[Records shown]
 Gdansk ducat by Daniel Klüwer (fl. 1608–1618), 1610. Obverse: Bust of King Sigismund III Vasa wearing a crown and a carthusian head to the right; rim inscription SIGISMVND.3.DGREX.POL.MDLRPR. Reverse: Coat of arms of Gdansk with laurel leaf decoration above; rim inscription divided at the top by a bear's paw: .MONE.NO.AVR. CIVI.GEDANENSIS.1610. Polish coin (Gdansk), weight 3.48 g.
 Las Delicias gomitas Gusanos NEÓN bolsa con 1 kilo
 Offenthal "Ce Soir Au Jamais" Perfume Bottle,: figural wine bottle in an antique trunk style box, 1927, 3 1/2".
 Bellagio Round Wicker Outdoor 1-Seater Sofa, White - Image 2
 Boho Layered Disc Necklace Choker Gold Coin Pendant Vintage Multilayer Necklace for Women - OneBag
[/Records shown]
[Records shown]
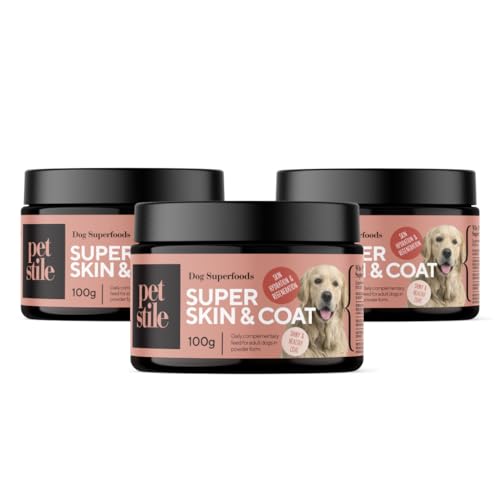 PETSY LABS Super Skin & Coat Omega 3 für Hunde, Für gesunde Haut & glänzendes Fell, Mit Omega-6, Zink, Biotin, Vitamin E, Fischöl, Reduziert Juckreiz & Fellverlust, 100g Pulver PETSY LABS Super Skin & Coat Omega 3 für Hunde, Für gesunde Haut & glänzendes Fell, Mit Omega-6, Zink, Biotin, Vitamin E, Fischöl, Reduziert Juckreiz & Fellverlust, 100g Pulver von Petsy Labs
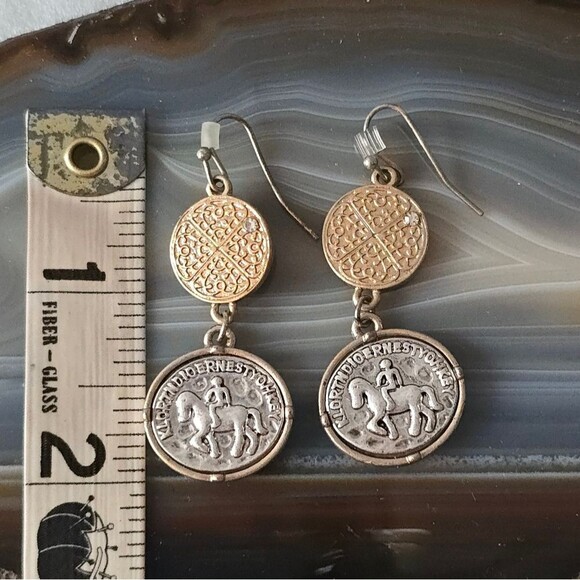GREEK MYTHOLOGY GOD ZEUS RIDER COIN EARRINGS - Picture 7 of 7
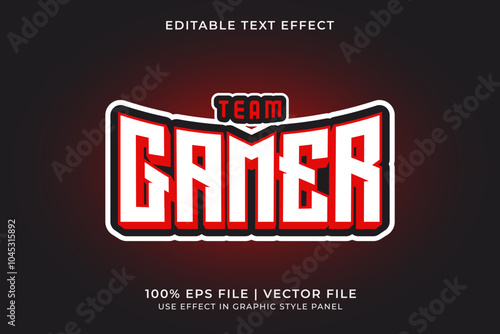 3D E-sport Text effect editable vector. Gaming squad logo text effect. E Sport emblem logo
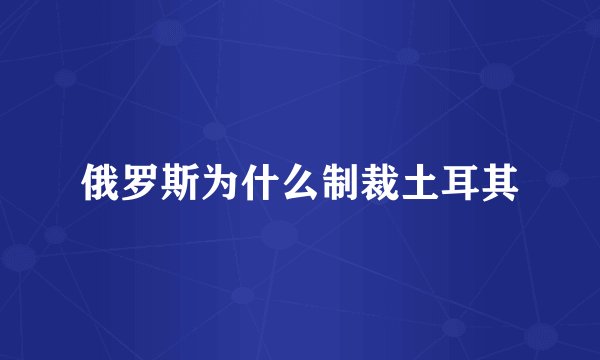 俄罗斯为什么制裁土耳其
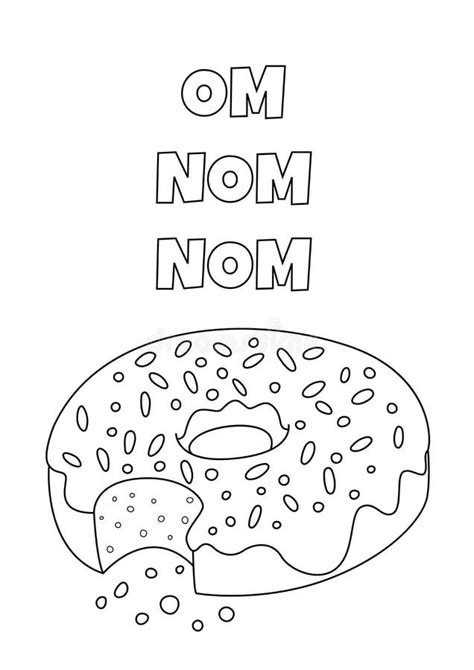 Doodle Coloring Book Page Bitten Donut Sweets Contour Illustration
[/Records shown]
Assignment ::
From the line that has "Gdansk ducat by" through the line that has "Las Delicias gomitas", copy every line exactly as it appears above, and leave out all others.

Answer for the task ::
 Gdansk ducat by Daniel Klüwer (fl. 1608–1618), 1610. Obverse: Bust of King Sigismund III Vasa wearing a crown and a carthusian head to the right; rim inscription SIGISMVND.3.DGREX.POL.MDLRPR. Reverse: Coat of arms of Gdansk with laurel leaf decoration above; rim inscription divided at the top by a bear's paw: .MONE.NO.AVR. CIVI.GEDANENSIS.1610. Polish coin (Gdansk), weight 3.48 g.
 Las Delicias gomitas Gusanos NEÓN bolsa con 1 kilo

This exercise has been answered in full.